Hint: you'll need to use PLpgSQL and triggers which we'll discuss in lectures in a few weeks.
Challenge: tricky constraints #2
Consider a variation on the above ER design, where each employee works for exactly one department:

Think about the changes that this would make to the relational schema. In particular, now that the relationship between Employees and Departments is n:1 rather than n:m, the WorksFor table would be replaced by a non-null foreign key in the Employees table (non-null since every employee must work for one department).

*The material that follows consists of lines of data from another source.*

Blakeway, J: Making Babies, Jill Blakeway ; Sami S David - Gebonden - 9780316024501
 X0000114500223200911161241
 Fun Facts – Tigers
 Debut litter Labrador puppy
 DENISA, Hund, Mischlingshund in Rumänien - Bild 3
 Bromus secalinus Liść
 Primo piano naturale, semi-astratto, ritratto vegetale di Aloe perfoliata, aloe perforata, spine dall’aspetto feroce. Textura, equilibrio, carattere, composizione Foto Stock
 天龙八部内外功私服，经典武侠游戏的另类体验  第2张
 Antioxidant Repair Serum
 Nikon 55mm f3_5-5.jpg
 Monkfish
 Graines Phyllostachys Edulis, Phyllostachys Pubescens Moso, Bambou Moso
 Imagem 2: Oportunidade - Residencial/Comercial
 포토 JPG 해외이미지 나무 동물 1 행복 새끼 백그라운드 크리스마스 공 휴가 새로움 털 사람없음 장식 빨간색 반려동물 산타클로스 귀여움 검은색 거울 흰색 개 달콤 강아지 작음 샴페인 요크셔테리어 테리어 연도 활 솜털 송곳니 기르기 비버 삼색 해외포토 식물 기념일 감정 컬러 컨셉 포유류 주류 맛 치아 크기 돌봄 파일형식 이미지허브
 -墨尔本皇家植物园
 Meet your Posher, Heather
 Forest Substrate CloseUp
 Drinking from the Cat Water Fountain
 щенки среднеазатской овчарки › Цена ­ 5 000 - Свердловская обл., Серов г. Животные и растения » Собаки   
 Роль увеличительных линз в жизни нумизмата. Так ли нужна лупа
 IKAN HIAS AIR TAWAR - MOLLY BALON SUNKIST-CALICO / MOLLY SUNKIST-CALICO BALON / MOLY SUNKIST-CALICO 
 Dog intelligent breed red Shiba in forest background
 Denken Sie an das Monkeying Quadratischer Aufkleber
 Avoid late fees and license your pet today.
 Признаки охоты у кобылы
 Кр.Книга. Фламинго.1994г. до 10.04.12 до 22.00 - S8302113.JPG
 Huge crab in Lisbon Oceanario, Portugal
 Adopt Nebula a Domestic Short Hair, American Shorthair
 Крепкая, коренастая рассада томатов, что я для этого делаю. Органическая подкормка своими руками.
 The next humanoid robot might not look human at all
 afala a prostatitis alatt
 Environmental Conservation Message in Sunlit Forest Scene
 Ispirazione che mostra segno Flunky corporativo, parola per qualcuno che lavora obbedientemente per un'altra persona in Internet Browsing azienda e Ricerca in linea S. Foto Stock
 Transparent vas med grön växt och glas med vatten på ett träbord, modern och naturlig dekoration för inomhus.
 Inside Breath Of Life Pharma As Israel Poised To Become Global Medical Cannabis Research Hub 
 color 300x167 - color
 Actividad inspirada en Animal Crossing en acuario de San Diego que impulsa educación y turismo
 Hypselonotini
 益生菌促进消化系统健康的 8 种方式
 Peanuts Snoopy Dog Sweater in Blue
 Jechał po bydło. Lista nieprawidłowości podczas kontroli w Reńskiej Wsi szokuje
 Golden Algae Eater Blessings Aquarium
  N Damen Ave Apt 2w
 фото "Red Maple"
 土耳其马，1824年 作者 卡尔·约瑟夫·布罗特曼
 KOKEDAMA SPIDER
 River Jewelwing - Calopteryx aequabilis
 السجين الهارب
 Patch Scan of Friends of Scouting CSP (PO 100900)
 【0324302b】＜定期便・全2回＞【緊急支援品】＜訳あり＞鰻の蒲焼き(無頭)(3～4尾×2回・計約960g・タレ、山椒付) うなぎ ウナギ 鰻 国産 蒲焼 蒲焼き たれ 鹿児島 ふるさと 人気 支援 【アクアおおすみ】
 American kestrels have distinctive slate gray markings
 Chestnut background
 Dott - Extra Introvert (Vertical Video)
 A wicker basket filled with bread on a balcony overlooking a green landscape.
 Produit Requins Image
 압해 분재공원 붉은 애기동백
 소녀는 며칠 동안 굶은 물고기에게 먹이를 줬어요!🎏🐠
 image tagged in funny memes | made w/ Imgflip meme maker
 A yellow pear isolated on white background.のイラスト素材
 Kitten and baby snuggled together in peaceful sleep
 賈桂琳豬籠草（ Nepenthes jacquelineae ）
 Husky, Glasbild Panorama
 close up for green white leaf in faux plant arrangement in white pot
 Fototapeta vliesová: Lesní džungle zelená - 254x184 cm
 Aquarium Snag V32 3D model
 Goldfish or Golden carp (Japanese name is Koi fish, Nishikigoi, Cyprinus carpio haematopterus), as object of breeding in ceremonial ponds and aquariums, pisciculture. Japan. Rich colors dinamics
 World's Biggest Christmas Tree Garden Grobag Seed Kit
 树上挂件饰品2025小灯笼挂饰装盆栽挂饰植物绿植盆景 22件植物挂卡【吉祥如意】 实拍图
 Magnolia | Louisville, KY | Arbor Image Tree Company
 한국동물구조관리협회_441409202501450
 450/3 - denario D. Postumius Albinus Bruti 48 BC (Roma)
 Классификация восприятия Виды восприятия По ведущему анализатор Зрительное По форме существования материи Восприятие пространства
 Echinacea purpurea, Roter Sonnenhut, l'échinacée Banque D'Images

Modify your schema so that it correctly implements the new ER model and then try to insert some data. If you made the modifications correctly, you'll discover that you have a problem ... You cannot insert an Employees tuple until there is a Departments tuple for them to be associated with. However, you cannot insert any Departments tuples until you have an Employees tuple available to be the manager of the department.
How can this be resolved?
There are two possible approaches:
- remove (some of) the constraints associated with the Employees.worksFor attribute or the Departments.manager attribute. This would allow you to insert either Employees tuples or Departments tuples without insisting on the existence of the other. Of course, doing this would mean that you've removed some of the semantics implied by the ER model (employees must work for some department and departments must have a manager). Once the database is populated, you could add the constraints in via the alter table command, but any invalid data that you'd already added would remain. Also, if you ever needed to add a new department which is managed by a new employee, you'd need to remove the constraints again, make the additions to the database, and then restore the constraints.
- A better approach is to realise that the insertion of a new employee and a new department at the same time needs to be treated as a single operation, and that constraint checking simply needs to be delayed until both tuples are inserted. If the coinstraints are satisfied with both tuples added, then the operation is successful. If the constraints are not satisfied, then both tuples should be removed. The approach of treating multiple updates as a single operation is known as a transaction.
  PostgreSQL has a method for specifying that constraint checking should be delayed to the end of a transaction which is described in the section on deferrable constraints in the documentation on the create table statement, and with additional explanation in the set constraints documentation. You'll also need to read the doumentation on begin and commit to work out how to implement it. (You can also find an explanation of this in the last couple of questions in Exercises 03).
Exercise: Try to implement both of these schemes for handling "mutually dependent" foreign key constraints.